Exercise:
Please write out exactly the line containing "VIDEO: Noivils pirms" below and every line after it, through the last one, but leave out any pictures.

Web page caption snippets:
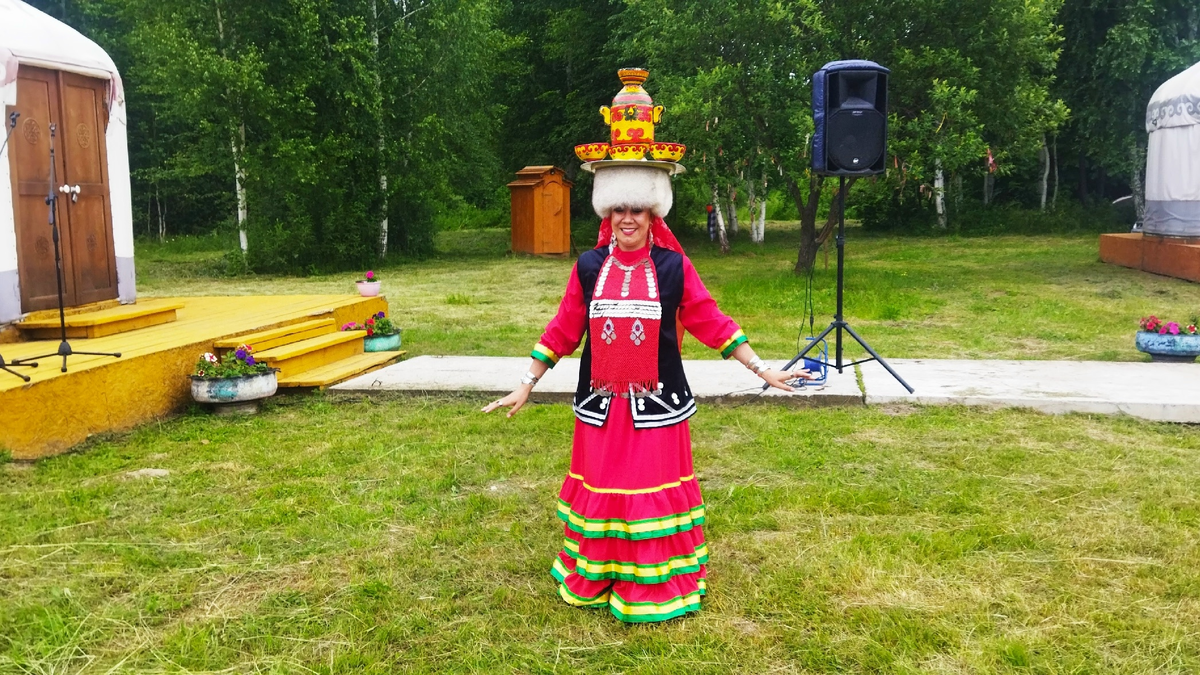 Башкирская красавица с самоваром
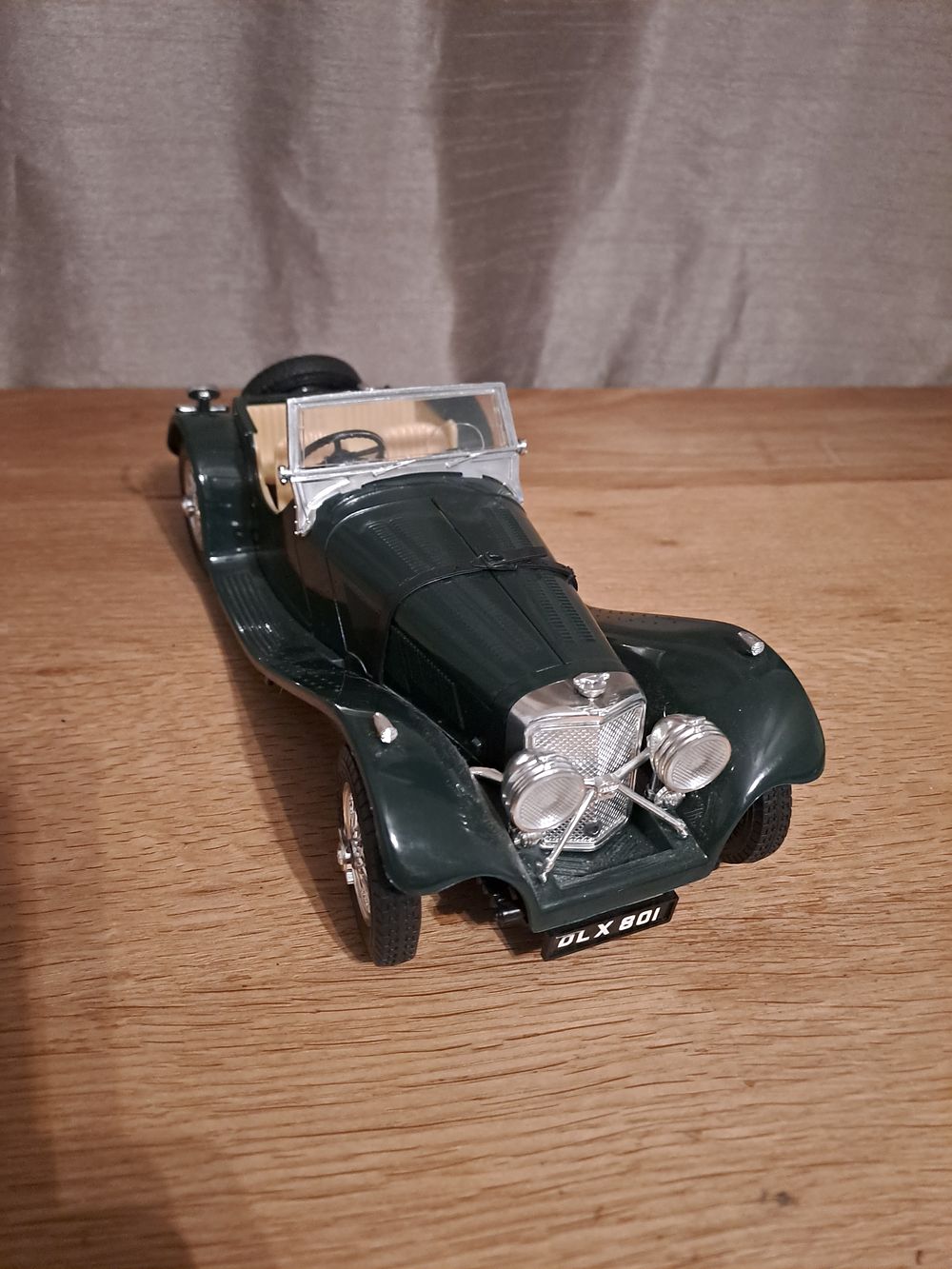 Lot 439: Burago jaguar ss 100 in dark green with creme interior scale 1/18 no good condition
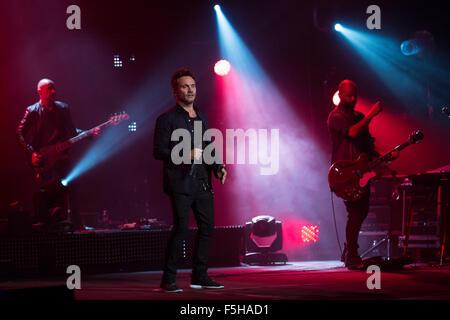 Turin, Italien. 4. November 2015. Filippo Neviani, führt eine italienische Sängerin auch bekannt als "Nek" voller Energie in seine live-Konzert, "Prima di Partire Live Tour" in Turin. © Elena Aquila/Pacific Press/Alamy Live-Nachrichten Stockfoto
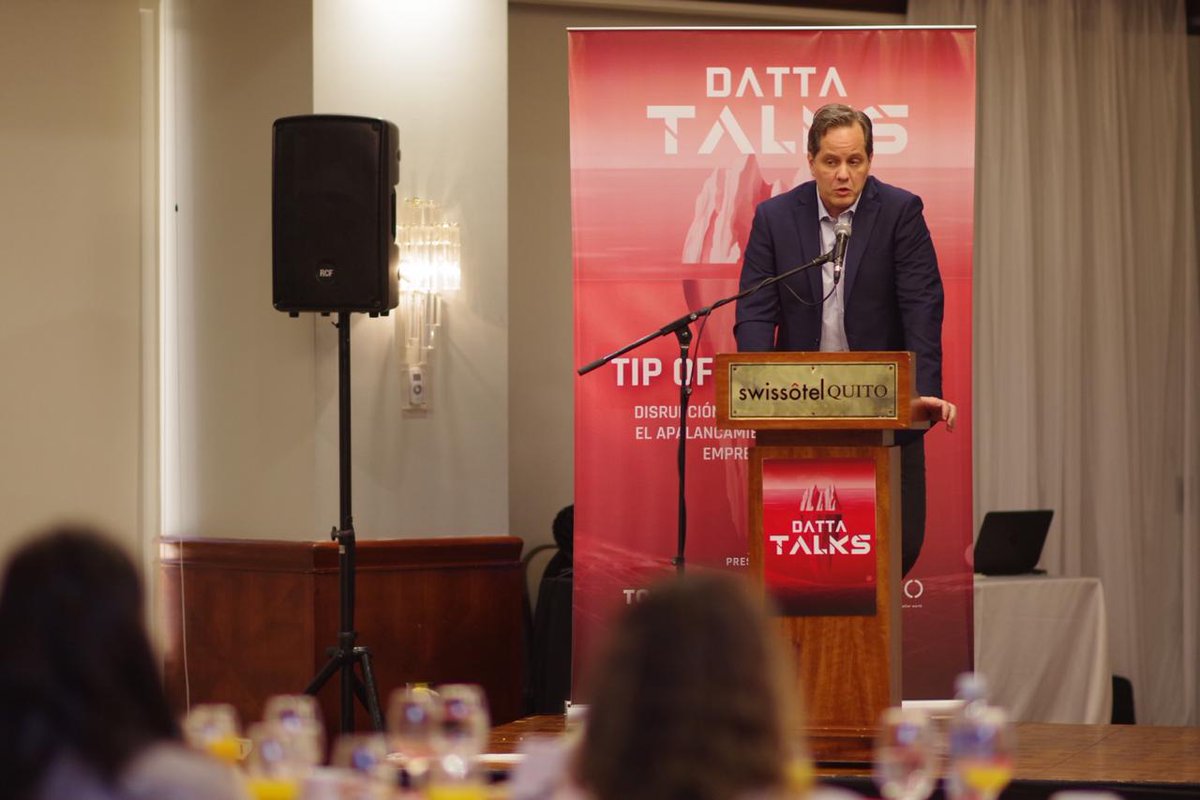 DattaEC's tweet photo. Marcelo García explica que los proyectos tecnológicos son exitosos cuando tienen:

✔️ Visión comercial y financiera
✔️ Incorporen equipos multidisciplinarios
✔️ Involucren a todas las áreas de la empresa
✔️ Se alineen a la estrategia corporativa

#DattaTalks https://t.co/g5txJG0sID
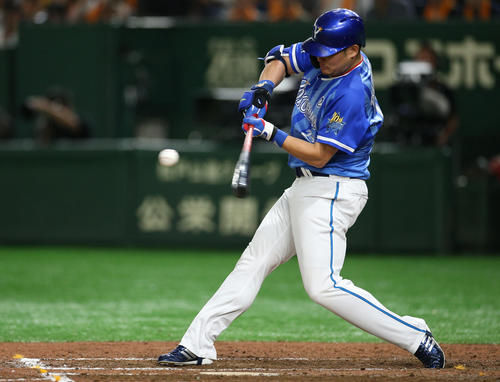 巨人対DeNA　8回表DeNA2死、右越え本塁打を放つ筒香（撮影・中島郁夫）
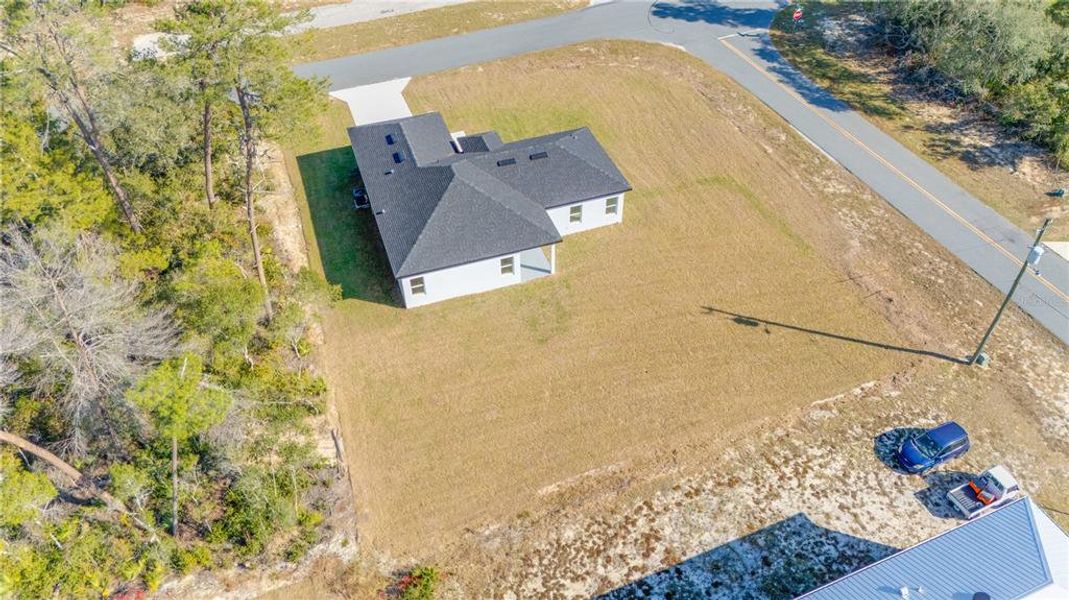 Exterior details and patio area of a home in , Ocala (Image 3). Exterior details and patio area of a home in , Ocala (Image 3).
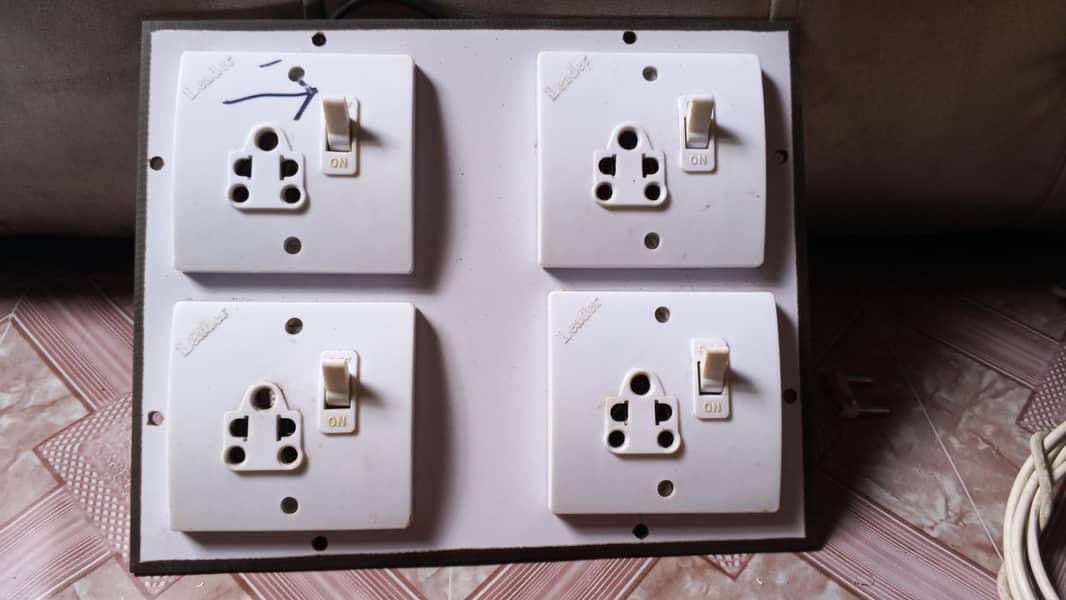 Switch socket with connection 5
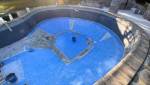 Début de chantier autour d'une piscine, terrassement réalisé pour construire un local technique – aménagement extérieur en Haute-Savoie.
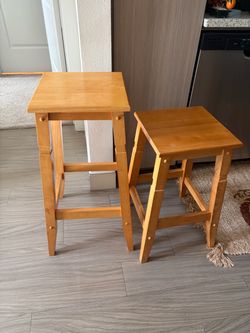 2 Barstools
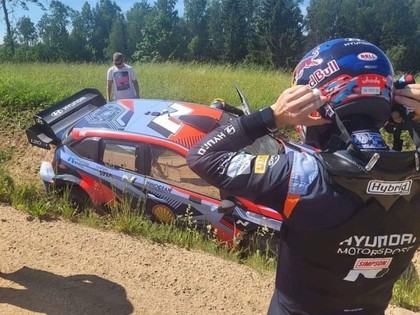 VIDEO: Noivils pirms Igaunijas WRC testos noskrien no ceļa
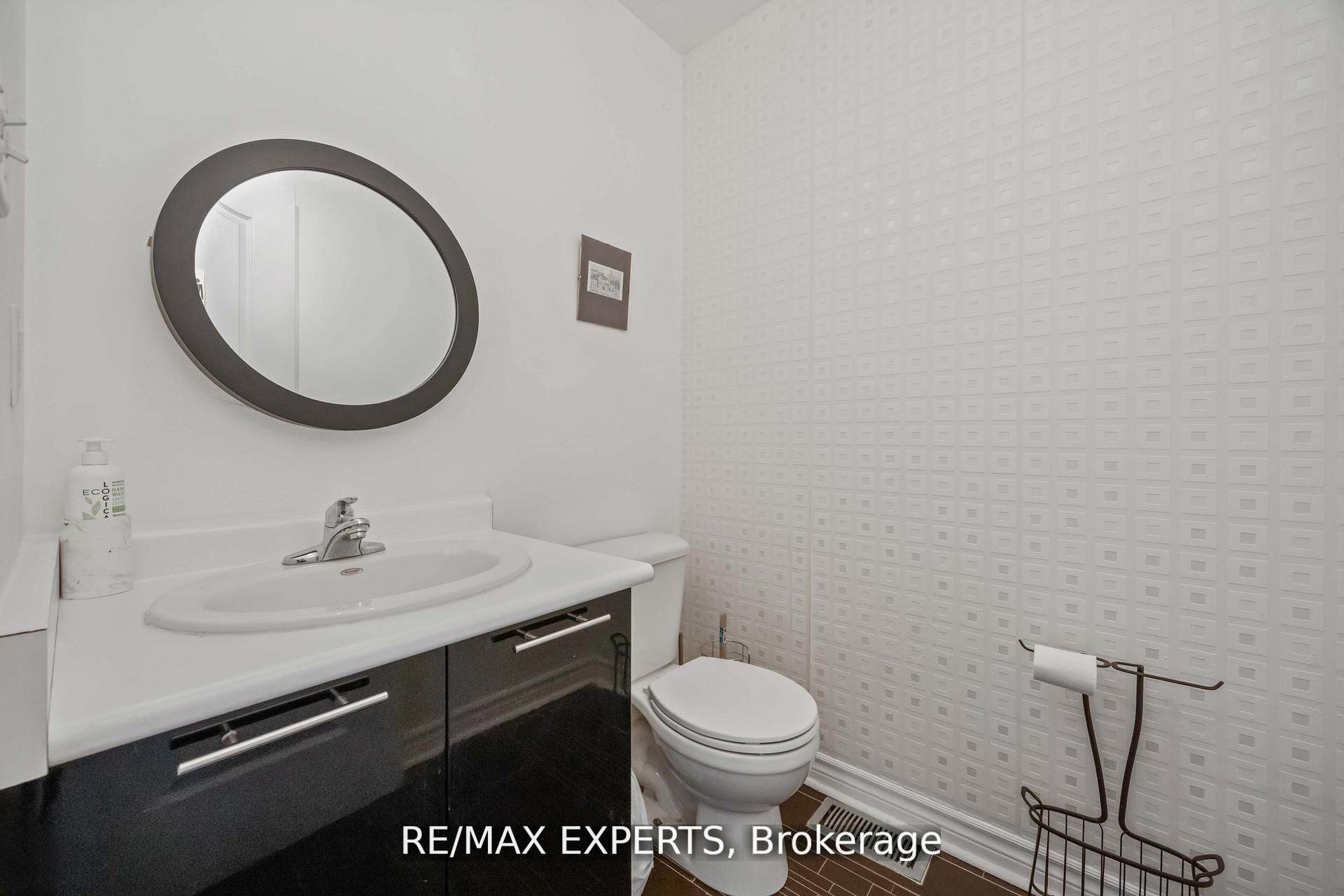 19b Oak Street Property Photo 41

Solution to the exercise:
 VIDEO: Noivils pirms Igaunijas WRC testos noskrien no ceļa
 19b Oak Street Property Photo 41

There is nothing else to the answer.